What type of database is best?

Once upon a time, if you needed a database, most of us would have reached for Excel or perhaps Microsoft Access, or for larger requirements, MS SQL or Oracle. Today, there are many more choices which, depending on the type of data you want to store, all have advantages and benefits. In this post, we’ll explore the different options and benefits of different database types SQL vs NoSQL..

Whether it’s a business CRM system, a student management system or a research project, at some stage, you will need a database to hold all the necessary information. Generally, you will automatically lean towards the database tool you’ve used in the past, which is fine if the data type is the same or performance is not an important requirement for your new system.

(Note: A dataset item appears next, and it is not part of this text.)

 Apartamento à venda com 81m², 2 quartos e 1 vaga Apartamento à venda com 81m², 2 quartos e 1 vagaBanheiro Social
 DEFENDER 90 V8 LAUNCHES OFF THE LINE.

Choosing the wrong database may not only cause performance issues or restrictions from the outset, but when the project grows it will certainly become an issue, whether problems are caused by the amount of data held, type of data, integration with other system, or the number of users required to access the data having the right platform helps to address them. These are just a few examples that need consideration.

Even if you are working with a mature database, it’s important to know it’s limitations and identify opportunities possible by changing or adding different types of database tools  (SQL vs NoSQL) to your systems for different data types.

This post explores the 2 main approaches to databases:

    • Relational Databases (SQL based).
    • NoSQL Databases. We will go over the different types of NoSQL tools and when to use each one.

It will review some of the advantages and disadvantages of each.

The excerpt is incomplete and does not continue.